The role of Dubai has never been understood; why is Dubai so powerful within the Emirates - even though it does not have oil, no manufacturing base, nor has it been able to achieve Singapore’s status as a port of repute. Yet, it has been able to hold up to Abu Dhabi, which owns 90 percent of the UAE’s oil, and whose rulers, although more powerful, are far more low profile.



One reason that comes to mind is that Dubai is a refiner for Iran’s oil, and a lot of refining margins are tied to the price of oil, which means the last four years were a bonanza for Dubai. This perhaps explains its clout. With clout, comes ambition, and with ambition a penchant for breaking rules, and Dubai has had all of it. In fact its direction toward becoming a tourism hub for Middle East revelers has always been watched closely by the Islamic right.



Dubai has no choice, because tourism in desert cannot takeoff without prostitution, alcohol or gambling. There is always talking about how activities in Dubai are frowned upon by the conservative countries. Some time in 2005 there was a rumor of some threats by extremists to bomb City Center, a shopping mall in Dubai, all of which was well-handled and overcome without alarm. Clearly, it had become evident even then that Dubai’s success was getting increasingly uncomfortable for some, and sooner or later there was bound to be trouble.



With bright ideas and some really grandiose schemes indeed being delivered, it was western & asian money, and speculation drove up the market in Dubai. There was a time in 2007, when financial executives from New York, speculated on villas in Jumeirah, booking a villa one week, and selling it out the next for a profit. It was this false sense of a bullish market that encouraged lesser mortals among the expatriates to participate in the orgy. Until of course, it all blew up last week in their faces.



Finally, as the sand settles, people will begin to see Dubai what it really is - a city of imagination but very little last ability: without natural resources, like water and fertile soil l, and no oil, it looks like this time the devil has come to stay.



Without the sins of the West - alcohol, prostitution, gambling - Dubai would have certainly found it a challenge to sustain its tourism story.



THE BURJ DUBAI TOWER



Speculators in Dubai’s Burj Tower - the tallest tower in the world - are in for a rude shock. They have woken up to find that their property values have plummeted up to 50 percent, that too in just 3 weeks. According to brokers, most properties in the Burj Tower district have slumped by at least 22 percent. These were same apartments and commercial establishments that had risen 88-200 percent in the year until September 2008.
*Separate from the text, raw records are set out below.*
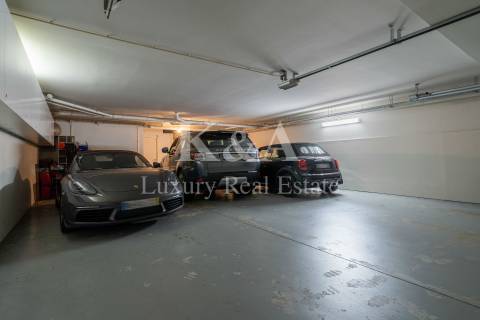 Moradia em condomínio fechado com piscina.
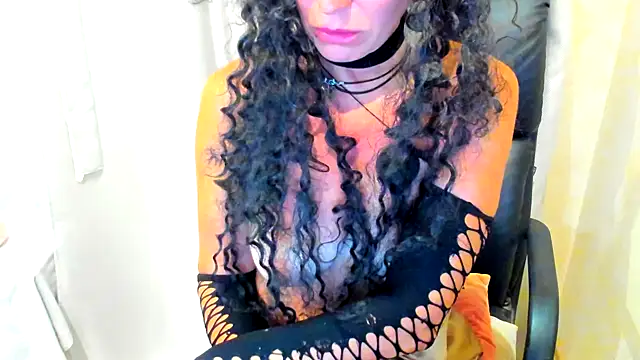 Snapshot of Ruda1919 chatting on 06/21/26, 01:24 Ruda1919 online show from 06/21/26, 01:24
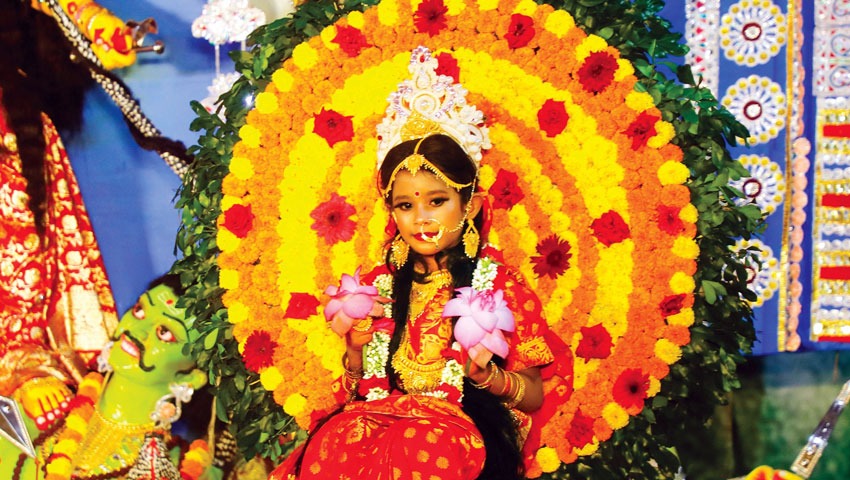 মহাষ্টমীতে ঢাকেশ্বরীতে বিহিত পূজা, রামকৃষ্ণ মিশনে কুমারী পূজা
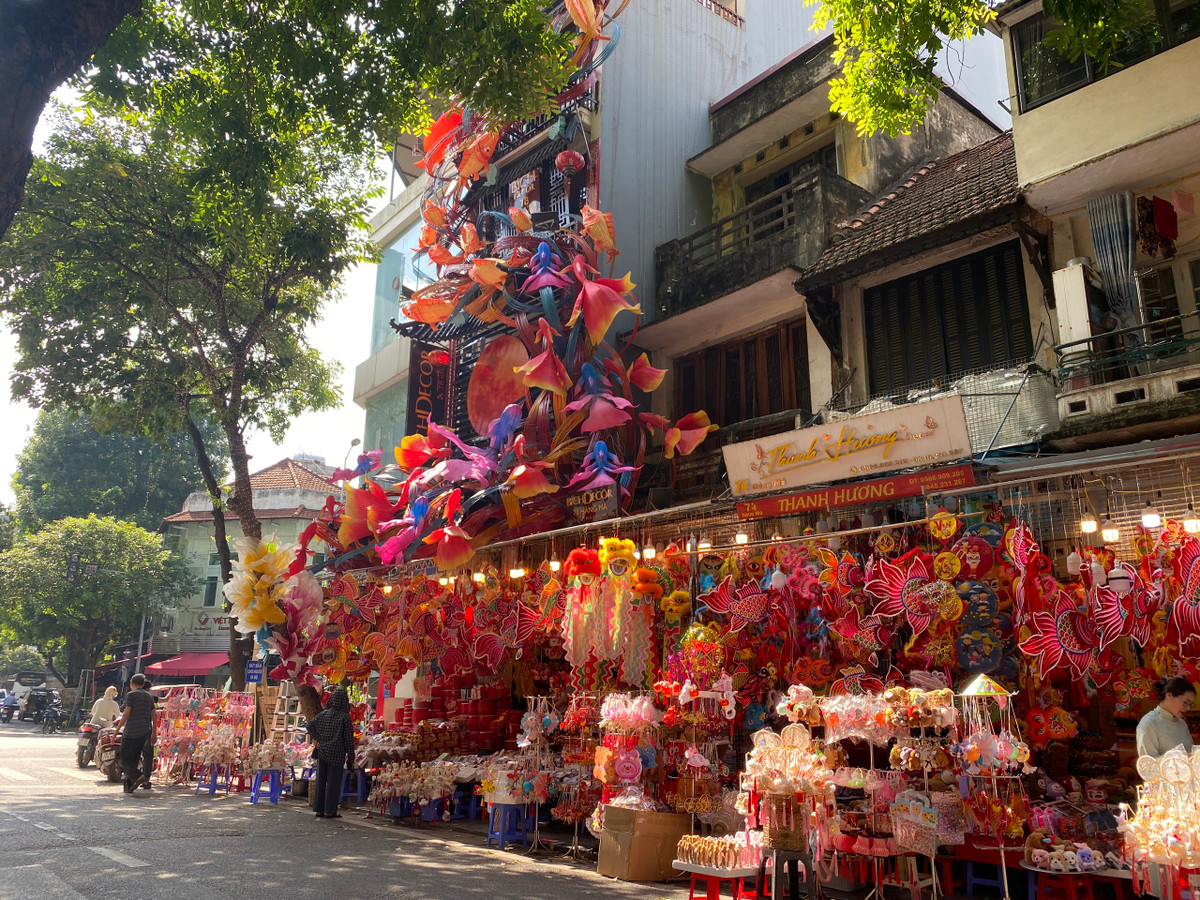 Mô hình cá chép trông trăng nổi bật nguyên một góc phố.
Zero premium and even discount sales have become rampant as investors rush out of sand castles and in to cash. Prices outside the tower fell from an average of AED 3,500 ($952) per square foot to AED 2,700, and on 8 Boulevard Walk, for instance, dropped from AED 3,300 per sq ft to AED 2,500 per sq ft in three weeks – a 24 percent decrease.



Price fluctuations in the Burj Dubai tower had been far more volatile because of the high percentage of speculators owning these properties, according to brokers. Some had since been sold at significant losses to generate cash. However, they said, the most expensive floors, such as those branded by Armani, sold at about AED 14,000 per sq ft and were holding much of their value.

Member for

20 years 3 months

My prayers that company will give NOC (No Objection Certificate) so that sacked employees from Dubai may be able to transfer to Abu Dhabi or elsewhere in the Emirates.



Regards,

Happy Planning and Scheduling

Member for

18 years 5 months

aBU dHABI IS ok, But Dubai is worse.



All the guys in Dubai who have been sacked by companies r in search of jobs still after two months and i believe is WORSt in the world as of now.



It may take at least 2-3 months for market to be stable and major projects to commence.



Till that time, no new jobs for planning engineers.